Are you competing with each other directly, or do you occupy different niches. How do you balance that need to make a living against your friendships with other farmers? Are there farmers who come in and abuse that trust and sense of community?

Inter-personal drama in farmer co-ops would also be a really good source of some interesting story material. Everybody trying to find the best way to occupy their niches...

Oh, definitely. Similar to the above, everybody is somewhat competing for the same customer dollars. And just all the usual "running a human organization is actually hard and sooner or later there's going to be drama" stuff.

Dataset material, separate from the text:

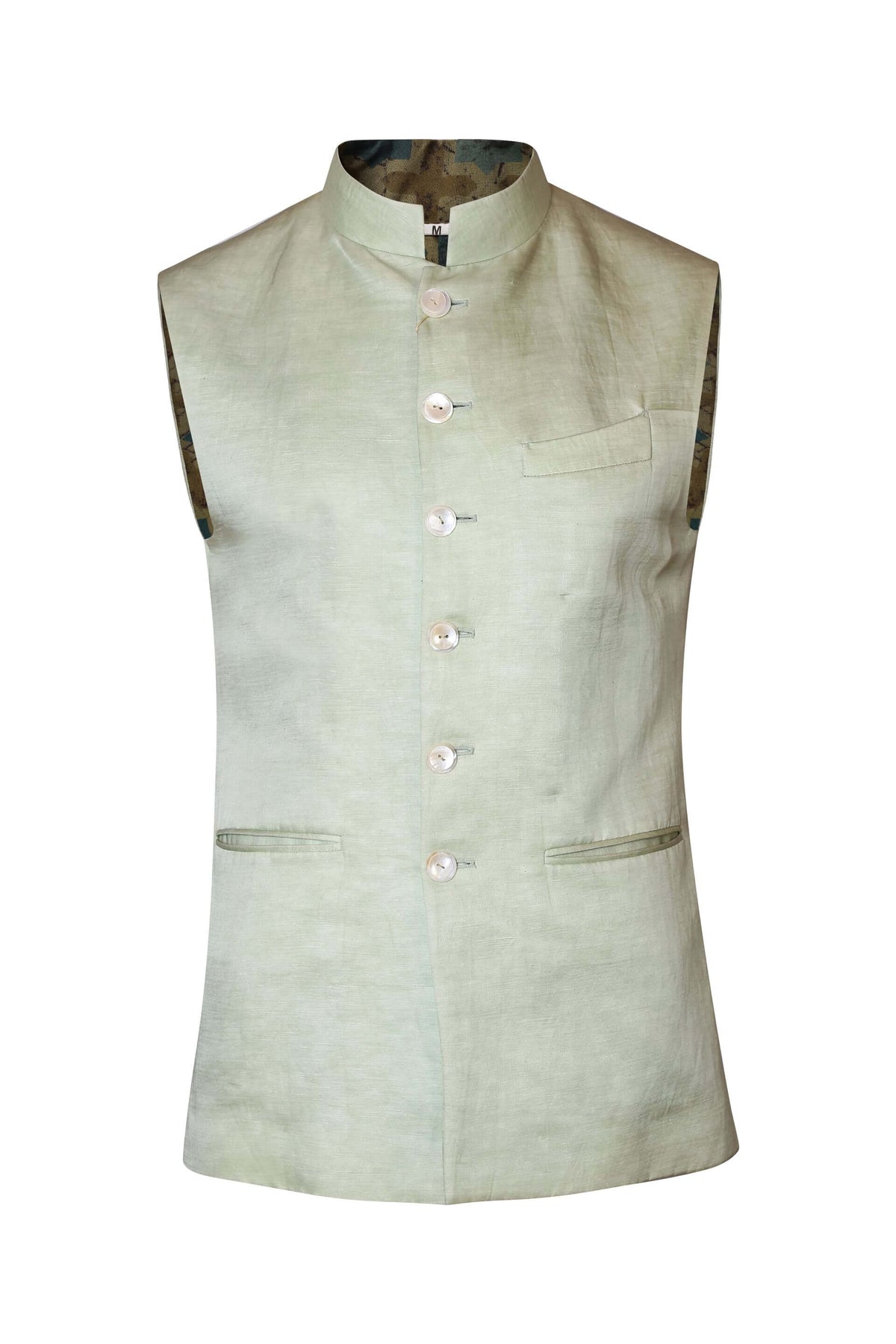 LINEN SATIN JACKET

We had a big split in the farmers' market that we were part of because it was run partly by community members or people who got into selling vegetables to fill a need in the market rather than because they needed the income to survive, and they wanted to just let anyone join. But some of the rest of us were very conscious that this was a limited pool of customer money: even with fairly wealthy tourists, they may have only brought so much cash or have allocated a certain amount to spend, and they want to spread it around and support as many vendors as possible, so more vendors means less income per customer per vendor overall. And...I think there's a National Farmers' Market association, and they have numbers on how much of the surrounding population you can expect to see attending your market, and we were already doing very well in that respect.

There are many things we choose when we model a complex system. We could make a whole game just about buying/selling farm food. We always have to make decisions when we abstract complexity. What are the three to five most important "parts" of farming?

Unfortunately I think this very much depends on what exactly you're making and which aspects you're focusing on. If it's a game just about buying and selling, you might want to look at things like:

  • How easy it is to grow certain crops at certain times of year: the prices will drop when something is "in season" and everyone can easily grow it.

  • Food fads: can you guess what things are going to be popular and get ahead of that curve?

  • Global market: maybe Pakistan flooded the market for organic potatoes and you can't sell yours for love nor money.

  • Economic trends: are we in a boom or a recession?

But if you're doing more of a traditional Harvest Moon/Stardew Valley/FarmVille style game with a broad range of products, I'd maybe want to think about:

  • How are vegetables different from animals? Vegetables tend to have very low input costs (seeds, fertilizer), but also low sale prices, and then it's all labor. Animals have a lot more up front costs to feed and raise the animal before you get your money back, and higher sale prices, and then the labor per animal is much lower, but over the time spans, there's still not a big profit margin so you still need to keep your time down.

  • How does the environment make your life interesting? SimCity style disasters? Ongoing things that build up over time? How much do you simulate and how much can you fake with smoke and mirrors and well-written narrative stuff?

For a small vegetable-growing simulation: I think I'd go with a yearly temperature/day-length curve, and some sort of random precipitation generator that has droughts and floods. And then soil nutrition, I think I'd start with pH that affects the availability of the other nutrients, and then maybe three nutrients for roots, leaves, and flowers/fruit. Nutrients could also be differently available at different temperatures (your tomato seedlings turn purple in the spring because phosphorus is less available in cold soil). They can change availability at different rates in different directions of pH changes. Or some could be water soluble and wash out if there's too much rain. They could also interact with each other: in real life calcium and magnesium and phosphorus tend to compete, so maybe your phosphorus is low because the calcium is forcing it out, so adding more won't help. I think there's PLENTY of room for complexity here.